Sharon E. Davis, PhD, MS

Research Assistant Professor
Department of Biomedical Informatics
2525 West End Ave
Suite 1400
Nashvillle
Tennessee
37203

Sharon E. Davis, PhD, is a Research Assistant Professor of Biomedical Informatics. She is a biomedical informatician with formal statistical training, who focuses on the development and maintenance of predictive models to support practical, implementable clinical prediction tools. Dr. Davis received an A.B. in Environmental Sciences and Policy from Duke University, a Masters in Statistics from North Carolina State University, and a PhD in Biomedical Informatics from Vanderbilt University. Her career is guided by a commitment to leveraging health and data sciences to develop tools that empower individuals, promote healthy communities, and reduce health disparities.

For over a decade, Dr. Davis served as a statistician and environmental scientist at Duke University and the University of Michigan. Her research emphasized the use of spatial analysis to address questions of maternal and child public health, as well as environmental justice. Key projects explored associations between air pollution, the built environment, psychosocial health, and pregnancy outcomes. This research led to practical solutions for community partners, including tools to support targeted community lead screening and data-driven community advocacy.
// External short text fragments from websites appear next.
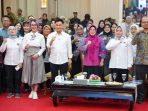 IMG-20260208-WA0023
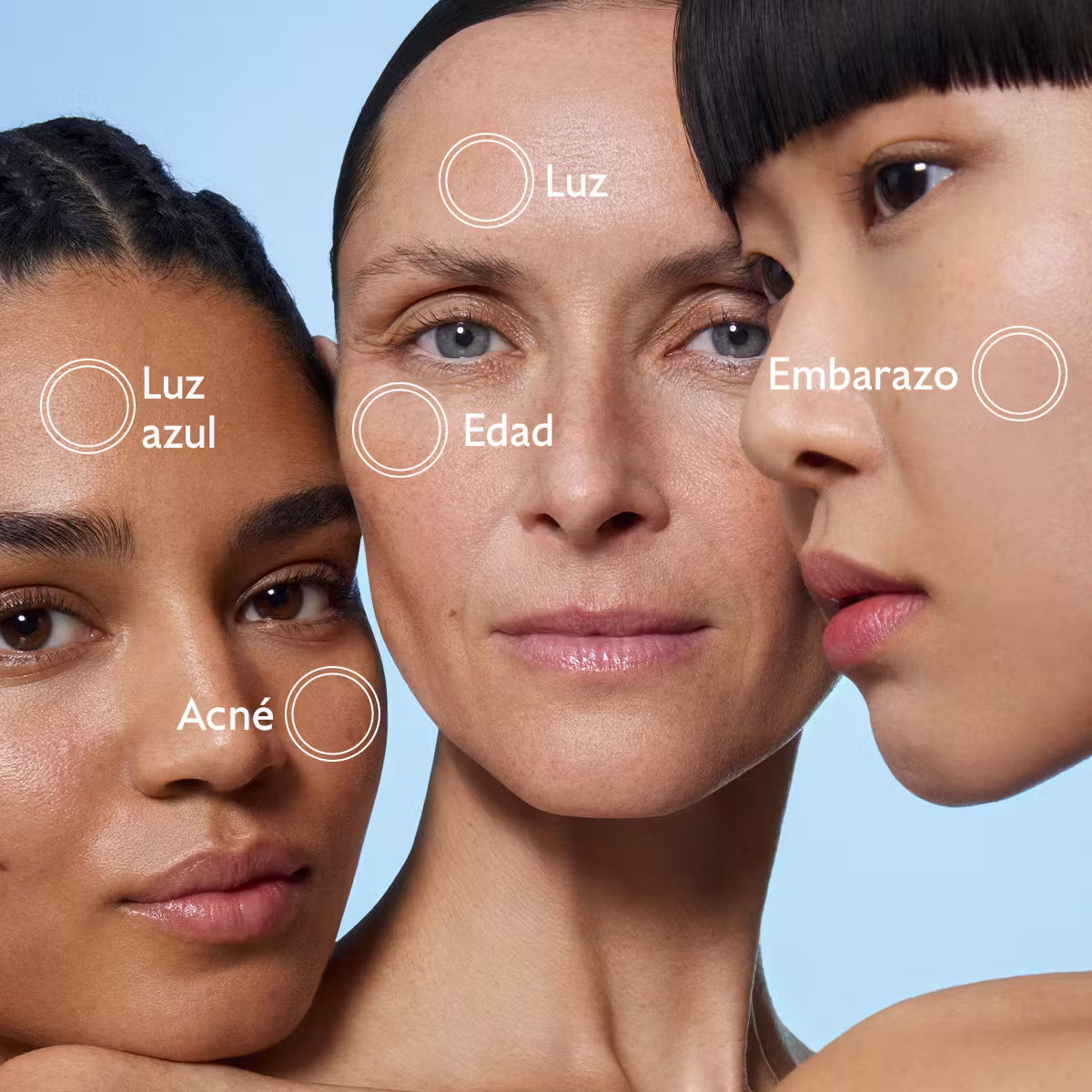 Caudalie Vinoperfect Sérum Resplandor Antimanchas 30 Ml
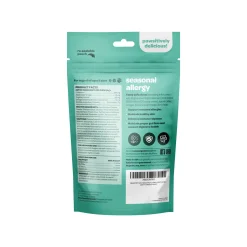 Ready Pet Go! Seasonal Allergy Supplement for Dogs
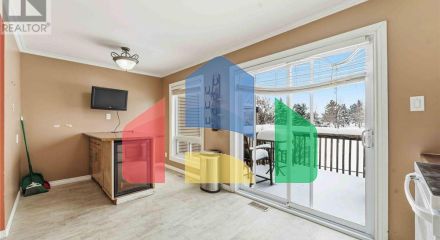 Residential - Single Family Home - Ottawa, Canada - Canada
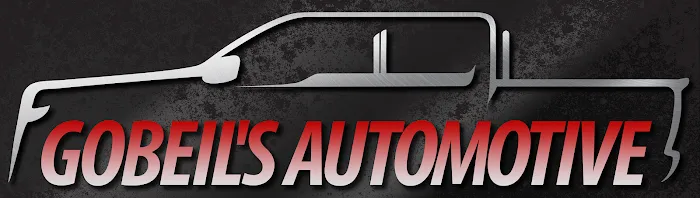 Gobeil’s Automotive 6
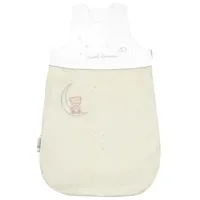 Plic pentru bebeluși Kikka Boo Dream Big  Bumbac, / Pentru băieți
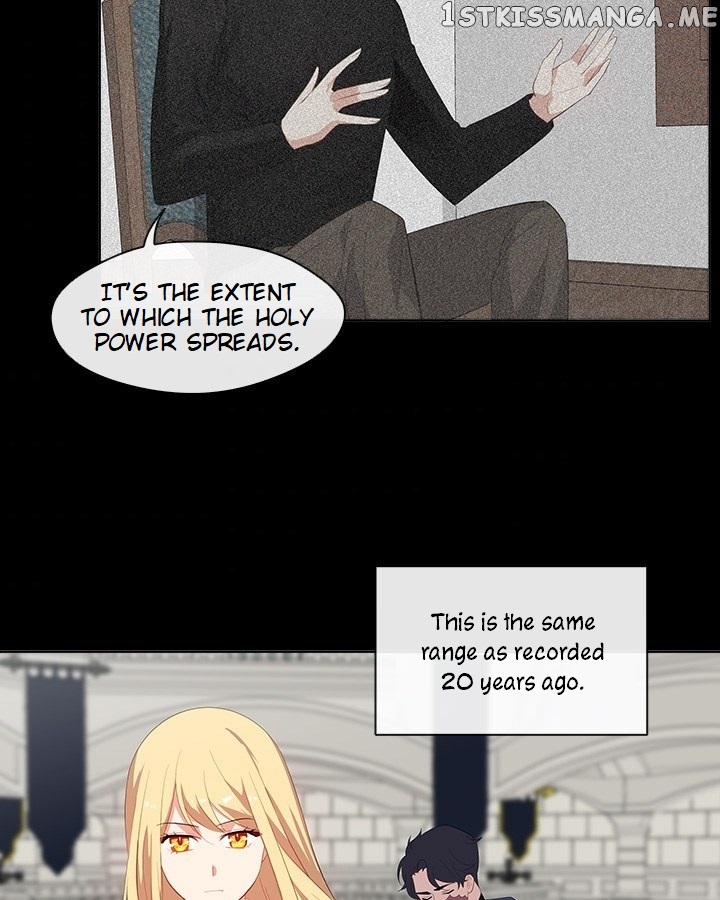 The Emperor’s Companion chapter 66 - page 49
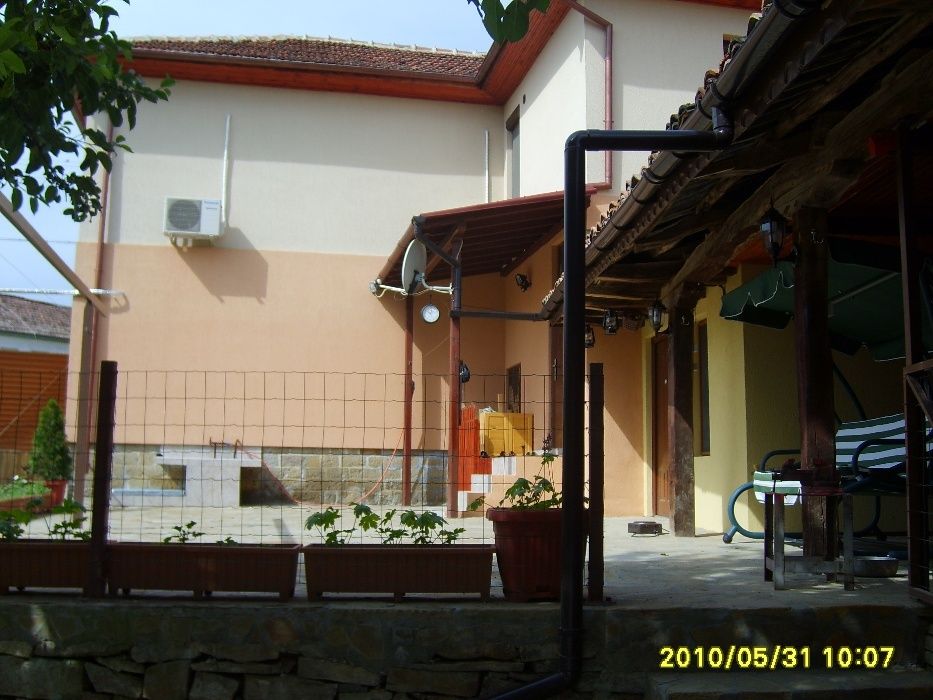 Продава се Къща в с. Пчелище, Област Велико Търново - 200 кв.м за 700 €/кв.м - Снимка #5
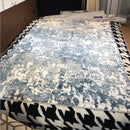 พรม 13 / Carpet HS Furniture Mall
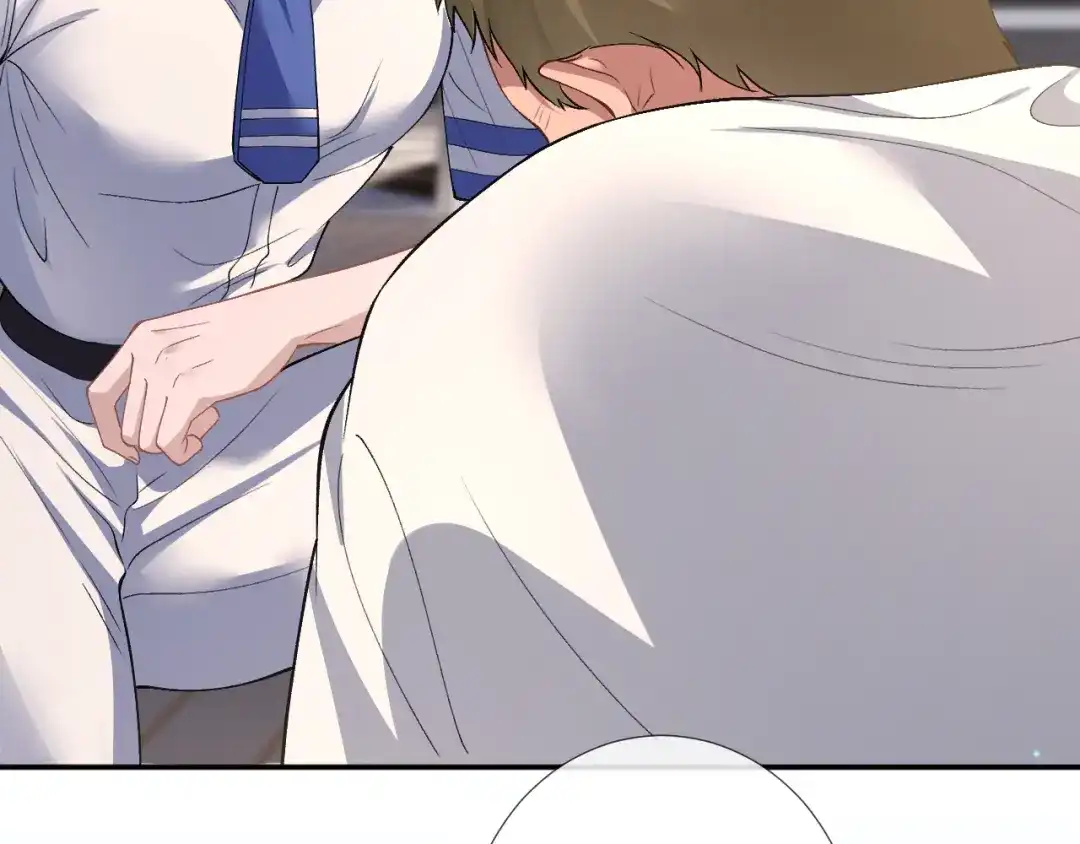 满级大佬翻车以后 第419 赎罪 第40页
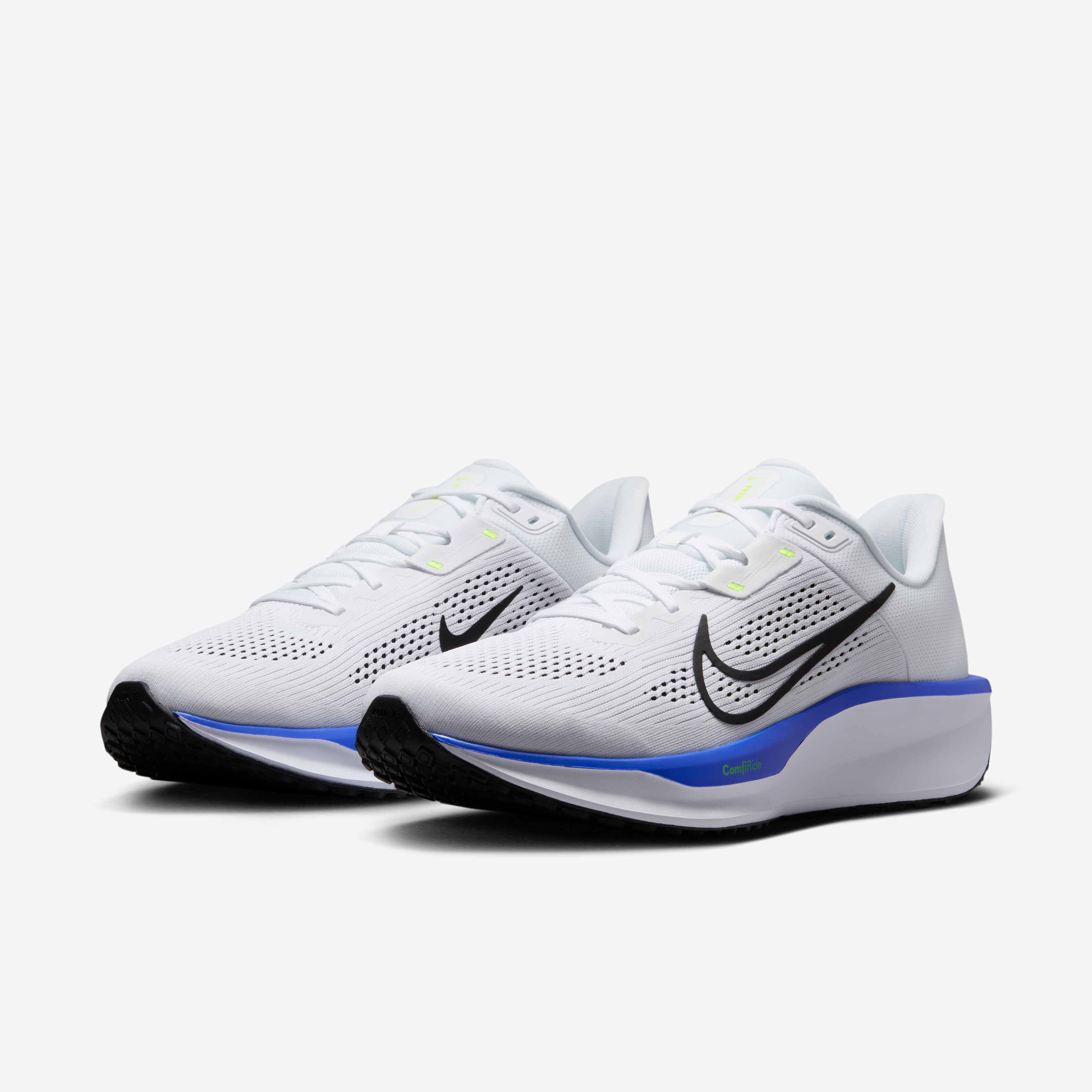 Nike Quest 6 image number 4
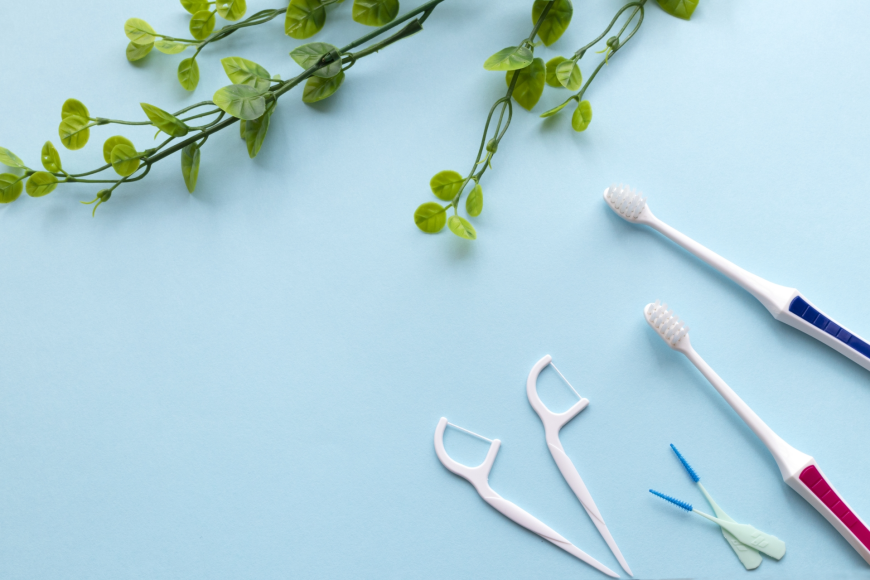 福﨑歯科クリニック（大分市）の特徴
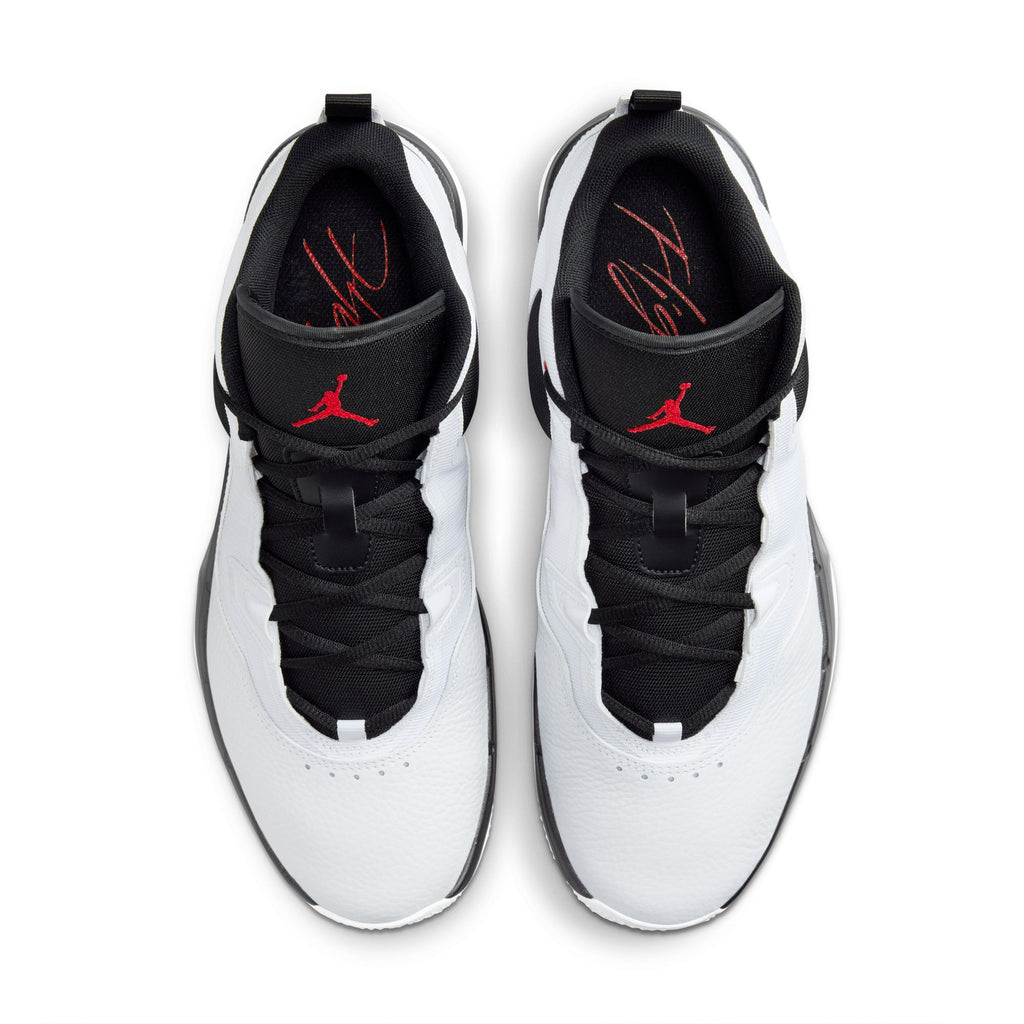 Jordan Stay Loyal 3 sneakers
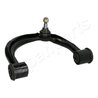 BRAT SUSPENSIE JAPANPARTS BS-250L - Compatibil cu TOYOTA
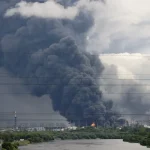 untitled1785668746-0-600x450.webp.webp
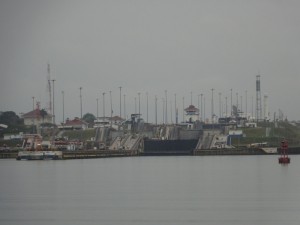 041_0083 Panamakanal 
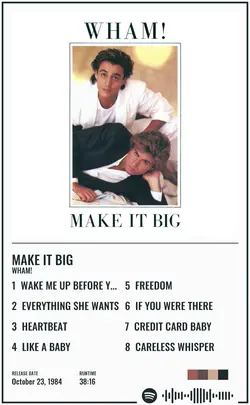 Wham - Make It Big.jpg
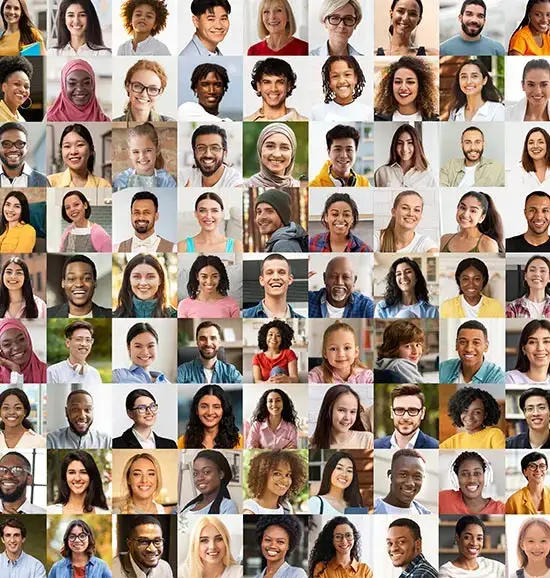 screening-selection-co-sourcing-services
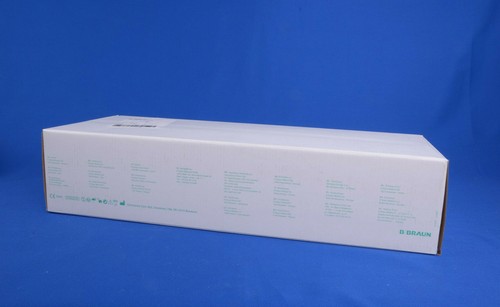 100x rektal katheter - 100x,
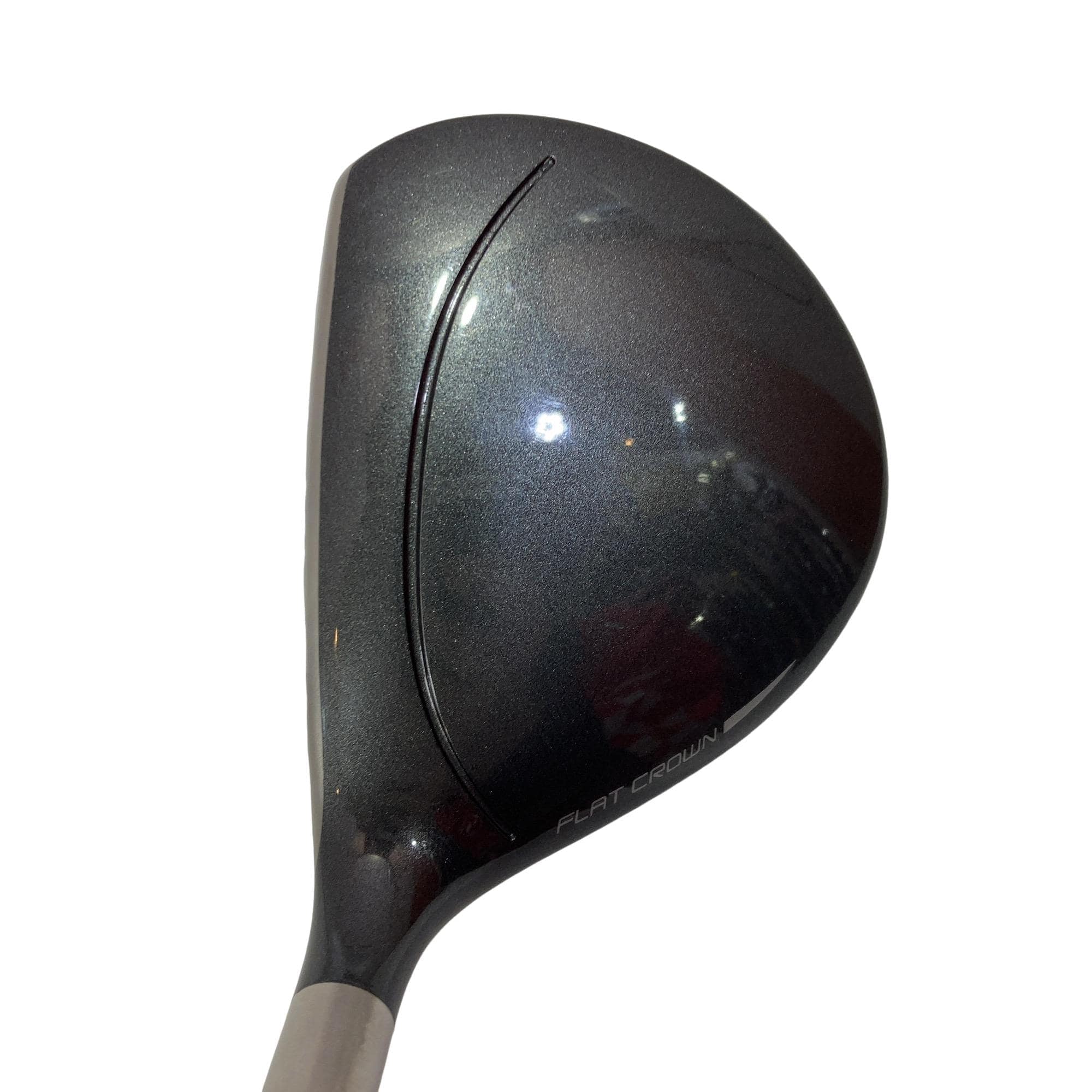 �r�t�q�d�@�c�c�@�Q�D�O�@�R�v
Since joining the Department of Biomedical Informatics, Dr. Davis’ research has emphasized methods development in support of predictive analytics, data simulation, and machine learning. Recognizing that the promise of prediction modeling and artificial intelligence to improve healthcare delivery requires accurate models that can sustain performance over time, Dr. Davis has developed a suite of generalizable and customizable methods supporting data-driven model updating for both regression and machine learning. These methods lay the groundwork for the design of automated model surveillance systems which will promote long-term performance and utility of prediction models underlying a variety of informatics applications for decision support and population management. This work was recognized by the AMIA community with the prestigious Martin Epstein award for the top student paper 2019 and with the honorable mention 2nd place Doctoral Dissertation Award in 2020. Extensions and applications of these methods remain an ongoing area of Dr. Davis’ research portfolio.

Within the Center for Improving the Public’s Health through Informatics, Dr. Davis’ research aims to develop and evaluate methods supporting the implementation of advanced and evolving predictive analytics in clinically useful interventions. With a continued focus on methods development and evaluation, she is involved in a variety of research projects exploring the practical challenges of applied predictive analytics within healthcare. In addition to research, Dr. Davis contributes to DBMI’s education mission as an instructor of both scientific communication and machine learning.